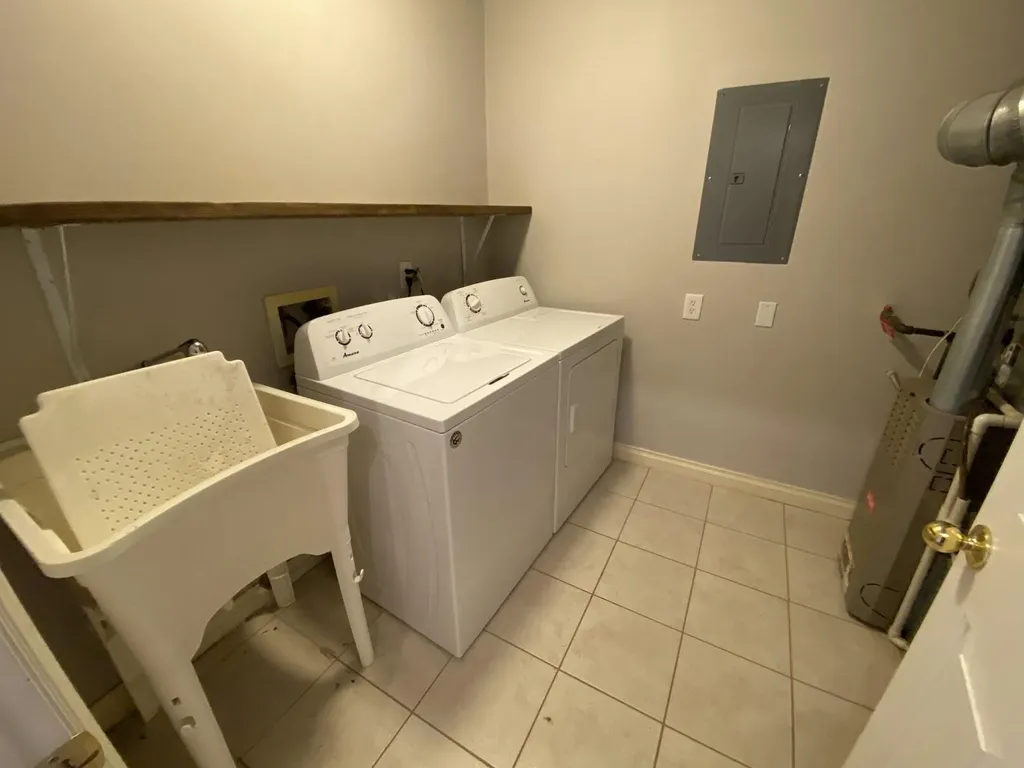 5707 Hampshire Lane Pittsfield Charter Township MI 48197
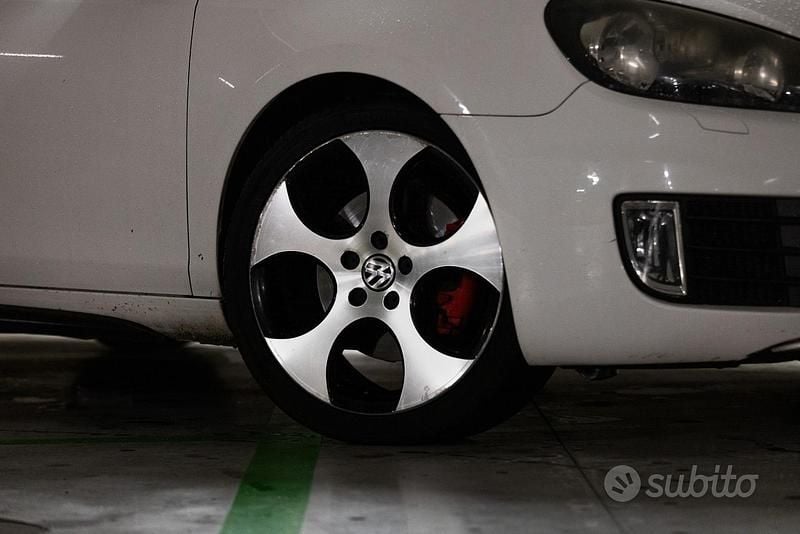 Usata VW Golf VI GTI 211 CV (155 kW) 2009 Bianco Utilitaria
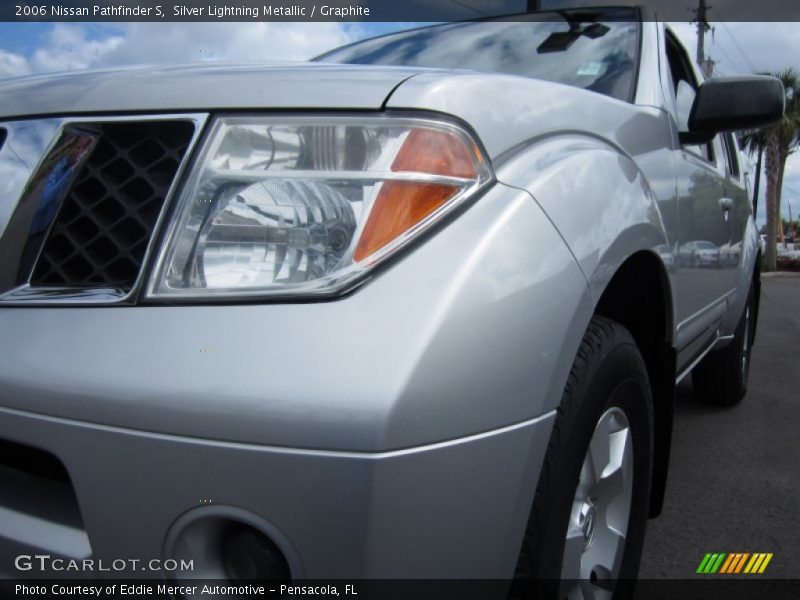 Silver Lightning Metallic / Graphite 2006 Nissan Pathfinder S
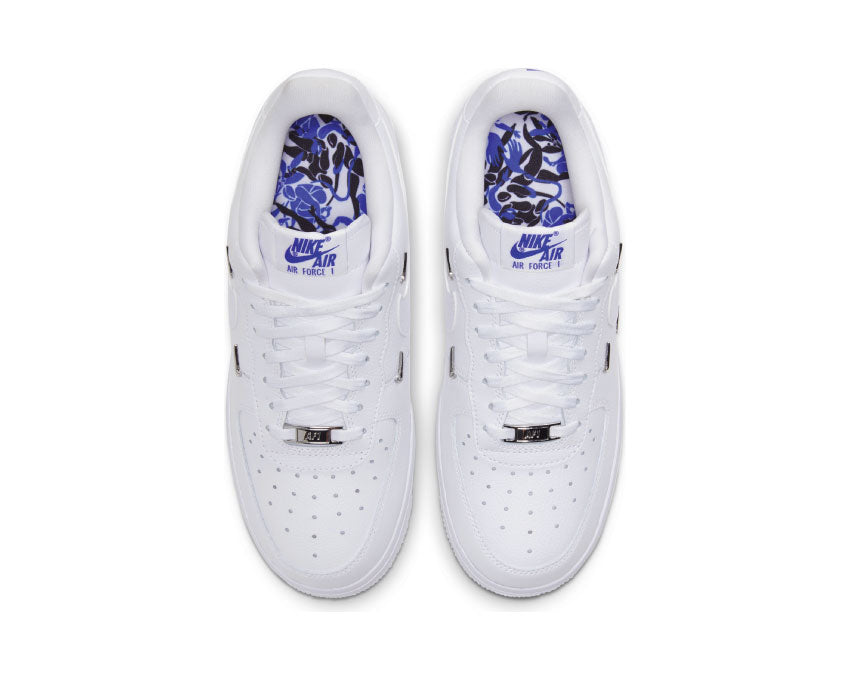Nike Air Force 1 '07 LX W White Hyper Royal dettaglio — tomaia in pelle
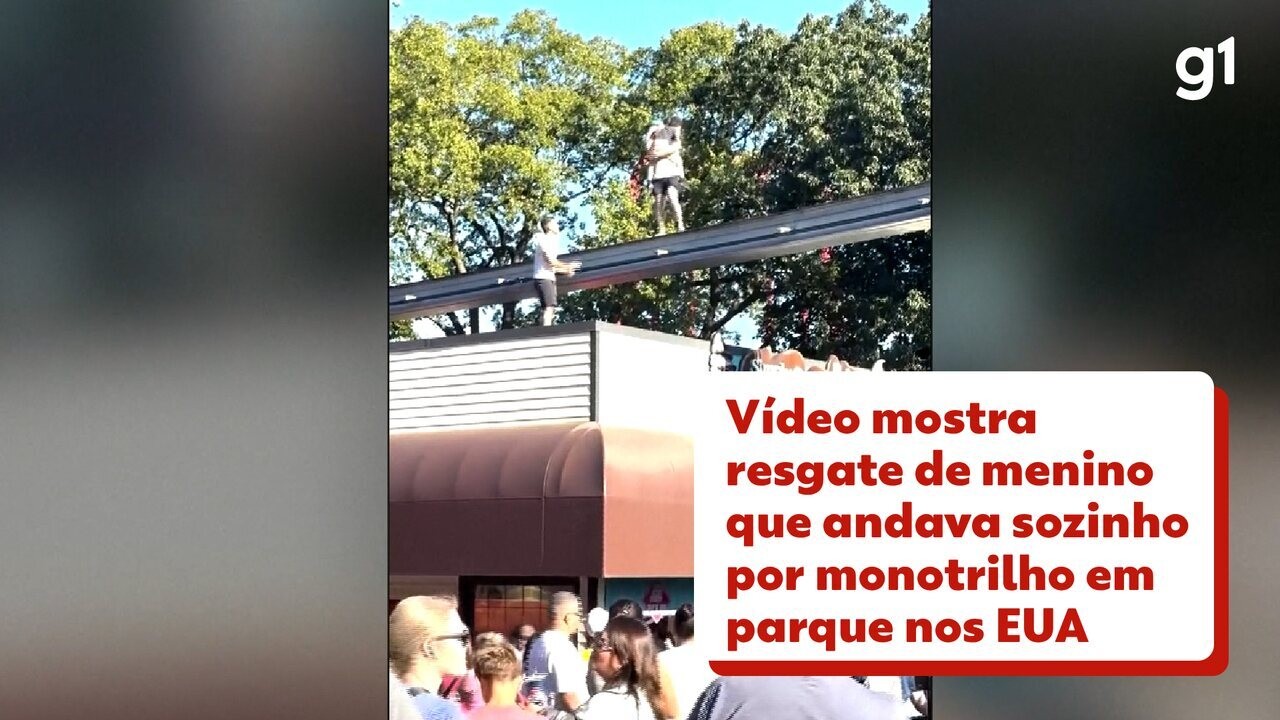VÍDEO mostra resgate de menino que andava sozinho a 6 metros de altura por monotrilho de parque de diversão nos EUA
--
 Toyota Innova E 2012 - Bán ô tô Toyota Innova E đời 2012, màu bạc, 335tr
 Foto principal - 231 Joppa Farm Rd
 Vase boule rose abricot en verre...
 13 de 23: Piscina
--
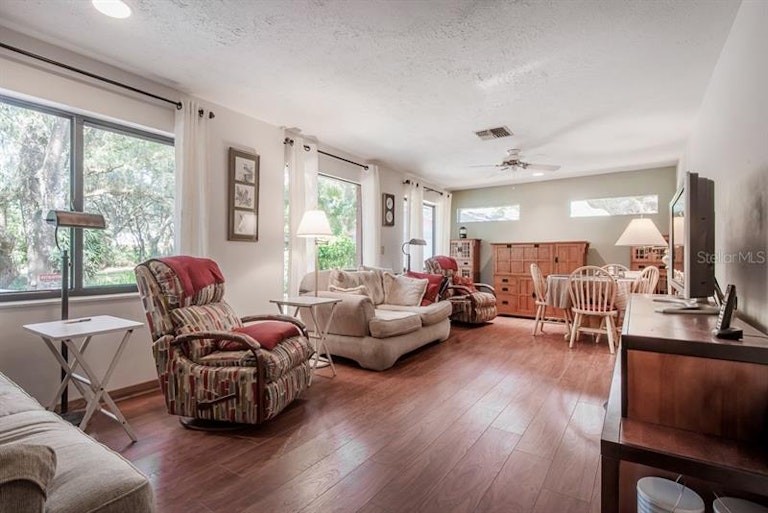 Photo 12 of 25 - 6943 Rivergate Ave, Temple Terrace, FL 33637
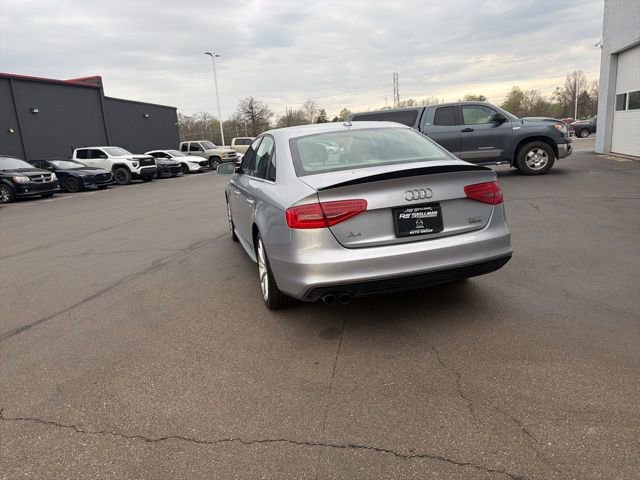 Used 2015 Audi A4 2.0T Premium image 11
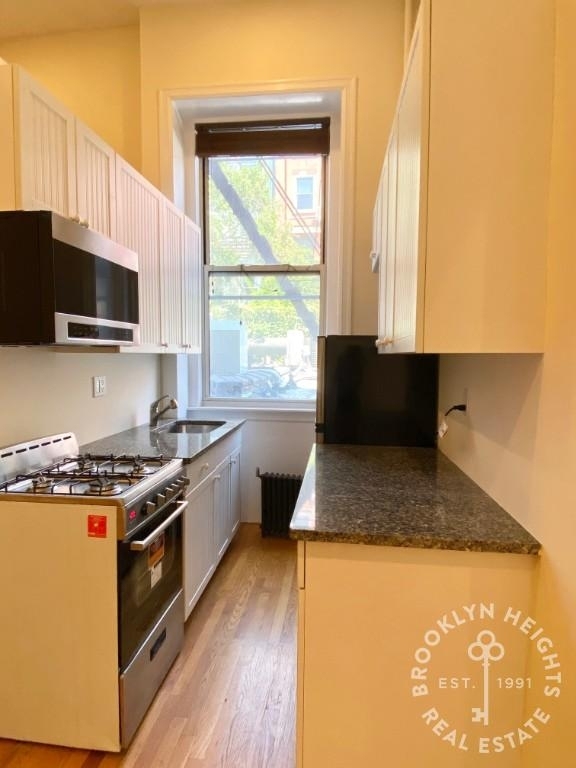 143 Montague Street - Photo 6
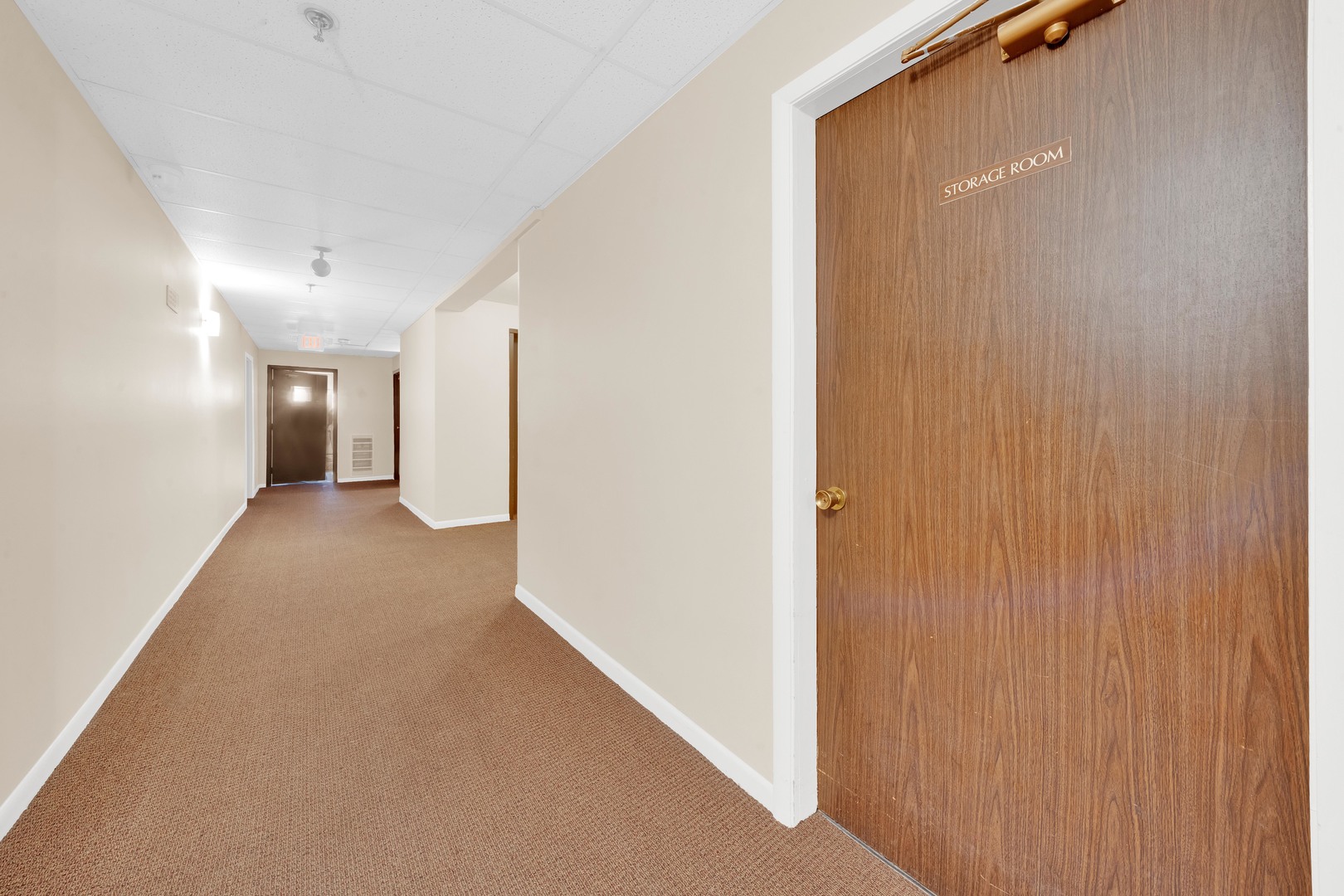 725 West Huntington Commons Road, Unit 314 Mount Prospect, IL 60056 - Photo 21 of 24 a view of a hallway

**INSTRUCTIONS TO FOLLOW**
Please give an exact copy of the lines above, beginning with the line containing "Toyota Innova E 2012" and running through the line containing "13 de 23: Piscina", and of no other lines.

**ANSWER TO THIS EXERCISE**
 Toyota Innova E 2012 - Bán ô tô Toyota Innova E đời 2012, màu bạc, 335tr
 Foto principal - 231 Joppa Farm Rd
 Vase boule rose abricot en verre...
 13 de 23: Piscina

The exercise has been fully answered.